McAnally's (The Community Pub) > Author Craft
Critque
pathele:
I have a couple of questions about critques.
1) How long do you wait in your projects before you let someone critque it? (ie. first draft, second draft, when I'm satisfied)
2) Do you use a critque checklist? If so, how did you develope it?
I am about 3/4 of the way through the first draft of my current novel. My usual reader has asked when I am going to let her read it.
I haven't decided yet. But it got me wondering what the rest of you do.
-paul
Mickey Finn:
I do it by chapter, like Jim does. Alot of folks don't.
Darwinist:
I tried the by chapter suggestion and it got a bit frustrating. For an established series like Butcher's Codex and Dresden series, it's probably not so difficult because the premise, idea, characters, and scenery are already well established. But if you're starting from scratch with something new - it can be nerve racking imo if the beta reader has to wait between chapters. Details, ideas, characters tend to get forgotten.
meg_evonne:
--- Quote from: pathele on August 20, 2009, 03:10:27 PM ---1) How long do you wait in your projects before you let someone critque it? (ie. first draft, second draft, when I'm satisfied)-paul
--- End quote ---
And, uh, not to be mean or anything, but Mr Butcher is a pro and already has a solid outline and let's face it--is freaking, awesomely, good at what he does. (Same for Mickey, I'm sure!)

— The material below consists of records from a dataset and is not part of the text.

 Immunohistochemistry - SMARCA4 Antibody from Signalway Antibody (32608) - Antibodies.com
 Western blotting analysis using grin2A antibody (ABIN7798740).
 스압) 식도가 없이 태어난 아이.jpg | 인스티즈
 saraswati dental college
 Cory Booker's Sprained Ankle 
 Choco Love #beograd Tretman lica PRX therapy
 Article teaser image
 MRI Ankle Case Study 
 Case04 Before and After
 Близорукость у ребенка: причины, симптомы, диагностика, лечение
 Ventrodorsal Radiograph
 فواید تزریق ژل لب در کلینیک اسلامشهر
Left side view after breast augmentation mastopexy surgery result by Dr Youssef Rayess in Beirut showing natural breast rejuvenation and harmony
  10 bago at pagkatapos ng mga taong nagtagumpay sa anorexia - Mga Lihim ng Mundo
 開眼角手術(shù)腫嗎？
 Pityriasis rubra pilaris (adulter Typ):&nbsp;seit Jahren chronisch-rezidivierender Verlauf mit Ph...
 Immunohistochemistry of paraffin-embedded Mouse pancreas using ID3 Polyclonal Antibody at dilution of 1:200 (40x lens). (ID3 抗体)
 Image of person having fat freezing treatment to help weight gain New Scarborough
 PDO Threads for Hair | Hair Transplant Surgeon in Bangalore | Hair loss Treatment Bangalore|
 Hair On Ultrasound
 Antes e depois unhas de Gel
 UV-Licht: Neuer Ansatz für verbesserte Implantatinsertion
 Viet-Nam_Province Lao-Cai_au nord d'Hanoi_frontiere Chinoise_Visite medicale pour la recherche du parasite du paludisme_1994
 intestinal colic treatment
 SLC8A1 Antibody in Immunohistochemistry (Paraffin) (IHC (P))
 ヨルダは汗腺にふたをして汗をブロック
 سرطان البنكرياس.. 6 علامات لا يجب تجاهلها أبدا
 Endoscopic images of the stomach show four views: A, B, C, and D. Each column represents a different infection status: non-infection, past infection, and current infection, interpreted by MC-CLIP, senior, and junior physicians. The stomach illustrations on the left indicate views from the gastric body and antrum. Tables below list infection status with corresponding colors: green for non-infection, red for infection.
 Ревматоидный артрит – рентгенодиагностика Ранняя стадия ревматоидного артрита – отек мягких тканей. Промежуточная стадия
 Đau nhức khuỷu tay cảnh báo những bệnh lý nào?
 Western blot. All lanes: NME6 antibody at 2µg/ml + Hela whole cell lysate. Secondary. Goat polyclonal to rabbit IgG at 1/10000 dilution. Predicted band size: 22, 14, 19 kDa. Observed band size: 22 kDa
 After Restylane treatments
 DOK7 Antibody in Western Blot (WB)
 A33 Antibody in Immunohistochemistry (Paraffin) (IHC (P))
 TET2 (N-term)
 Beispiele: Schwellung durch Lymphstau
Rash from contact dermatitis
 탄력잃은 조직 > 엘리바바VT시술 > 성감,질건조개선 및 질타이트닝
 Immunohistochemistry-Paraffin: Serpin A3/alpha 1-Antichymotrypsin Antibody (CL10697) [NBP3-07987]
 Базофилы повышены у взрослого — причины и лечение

For us--uhm, normal writers it's another world. I suspect we would drive our readers insane with all the changes and we'd have to bug them forever. (I'm not counting spouses and significant others, cause they sort of have to read as part of their commitment to you!) To be honest, I prefer to wait until I've worked with my editor who can find the content mistakes that I missed. Such as --"oh what do you mean, you didn't catch what I said back in Chapter 10?", "okay,let me go back and re-emphasize it cause I'm a clutz and an idiot." Worse yet, how embarrassing to realize that a character did something that came out of left field--because I THOUGHT I included it earlier."
I just finished a YA, 1st of 3, but didn't chart out all three completely--so, writing in two, realized I had to go back to 1 and handle problems to set up 2 and 3. And guess what? I know I'll have to do it again at least once or more. Mr Butcher has 20 slotted and set. Blows my mind.
Oh,yeah, definitely in the later department for me. :-) Now watch Neurovoure, Liz, Rob, Seekmore and others give you an entirely different take!
Writing, I've learned is as individual as the writer. edited as I used the wrong quote.
seekmore:
--- Quote from: pathele on August 20, 2009, 03:10:27 PM ---I have a couple of questions about critques.
1) How long do you wait in your projects before you let someone critque it? (ie. first draft, second draft, when I'm satisfied)
--- End quote ---
I have a handful of people I run initial ideas and various things by as I'm writing "Does this sound right...?", "This paragraph...is something off to you?", "My main character's reaction seems realistic here, right?"
When I've completed my first draft(which in actuality is hundreds of tiny drafts fitted together...I'm kind of anal about it), I have three people I send it to:
My brother: critical, a perfectionist, well-read
My mother: good with language, and great with a red pen
My friend: critical, unforgiving, and a good story-teller
Once they shoot holes through it, the second draft begins.